** TO DO **
In the data below, find the line containing "Texas Coloring Bluebonnet", then set down that line and every later line up to and including the line containing "Wild strawberries and leaves forming a heart", exactly.

** PROVIDED DATA **
=====

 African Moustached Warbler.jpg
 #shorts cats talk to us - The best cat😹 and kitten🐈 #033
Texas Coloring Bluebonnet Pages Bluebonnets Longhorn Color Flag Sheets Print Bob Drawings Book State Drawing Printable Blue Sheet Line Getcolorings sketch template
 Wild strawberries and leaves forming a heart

=====

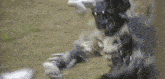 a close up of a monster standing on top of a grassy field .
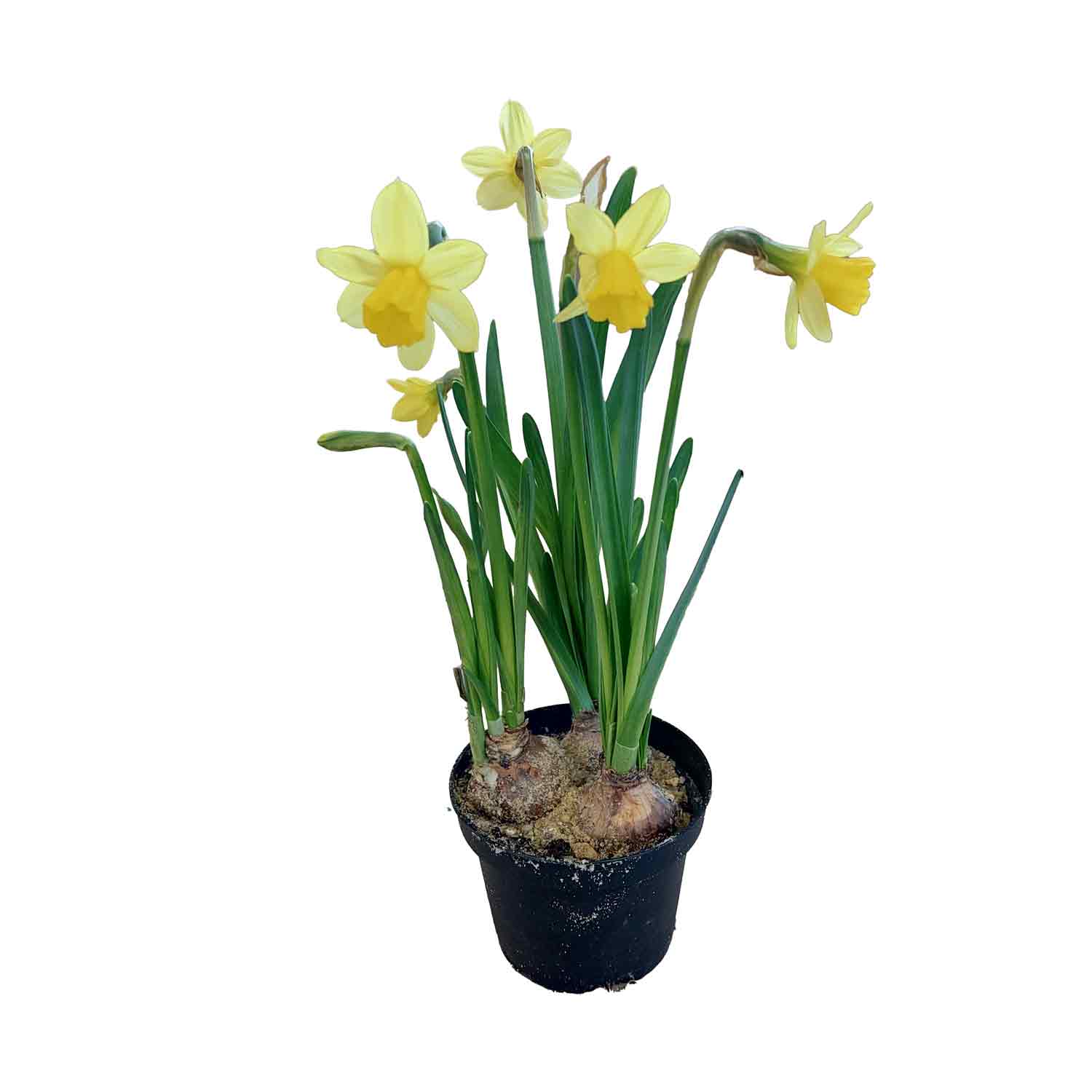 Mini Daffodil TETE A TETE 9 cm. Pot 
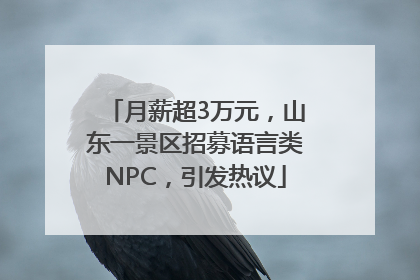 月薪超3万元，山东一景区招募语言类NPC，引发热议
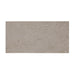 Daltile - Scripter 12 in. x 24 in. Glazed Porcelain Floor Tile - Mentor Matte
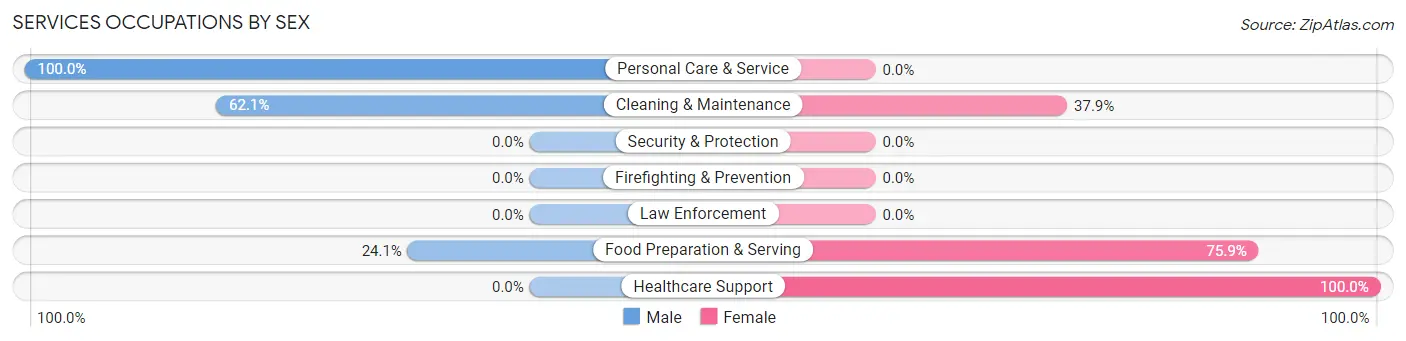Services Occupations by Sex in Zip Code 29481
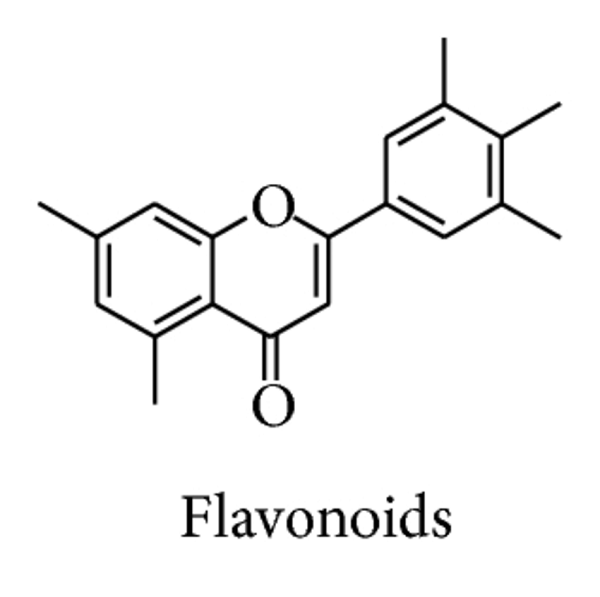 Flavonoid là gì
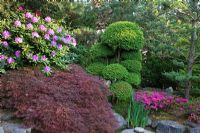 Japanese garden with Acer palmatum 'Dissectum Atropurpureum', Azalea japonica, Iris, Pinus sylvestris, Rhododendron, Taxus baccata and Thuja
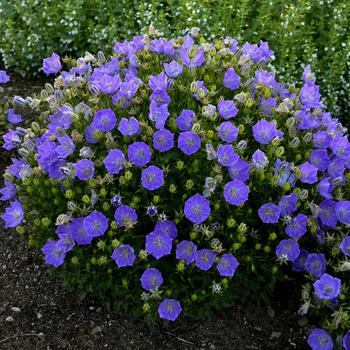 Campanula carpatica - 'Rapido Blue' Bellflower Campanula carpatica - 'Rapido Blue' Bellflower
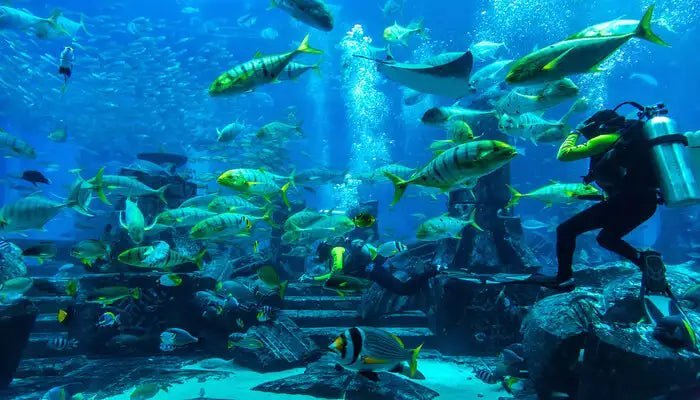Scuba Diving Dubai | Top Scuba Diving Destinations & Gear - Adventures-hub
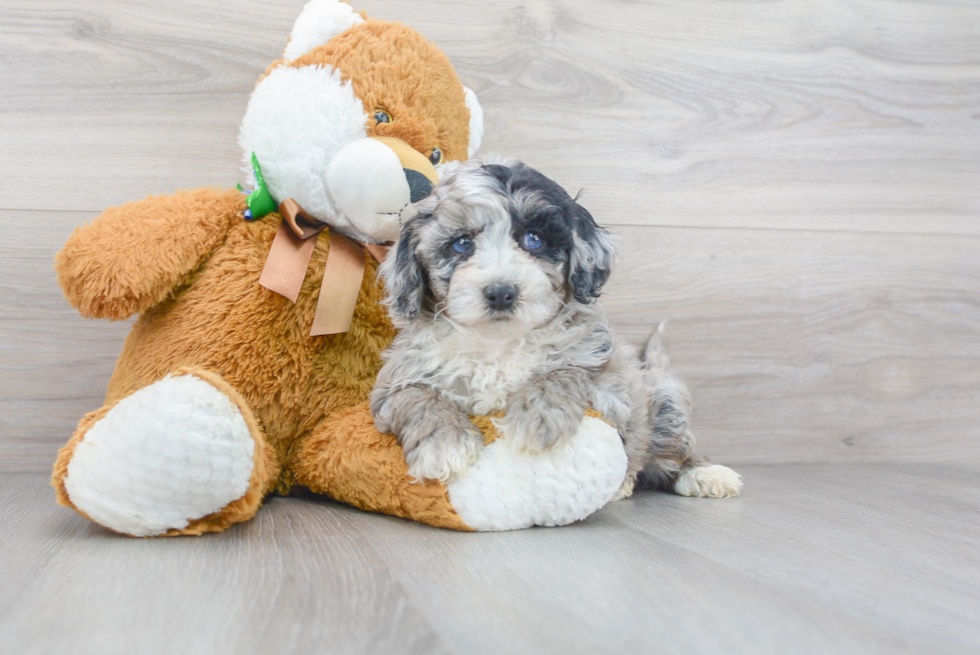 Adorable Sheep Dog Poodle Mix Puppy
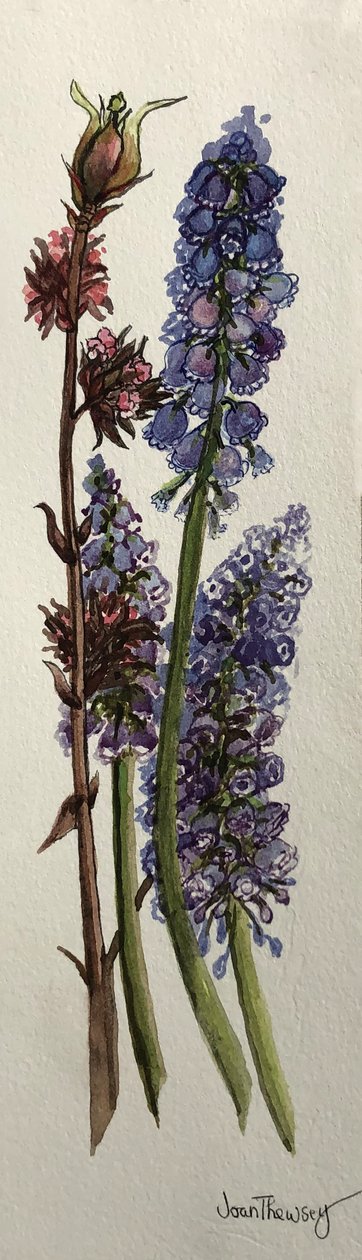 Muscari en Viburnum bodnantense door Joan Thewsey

=====

** THE ANSWER **
Texas Coloring Bluebonnet Pages Bluebonnets Longhorn Color Flag Sheets Print Bob Drawings Book State Drawing Printable Blue Sheet Line Getcolorings sketch template
 Wild strawberries and leaves forming a heart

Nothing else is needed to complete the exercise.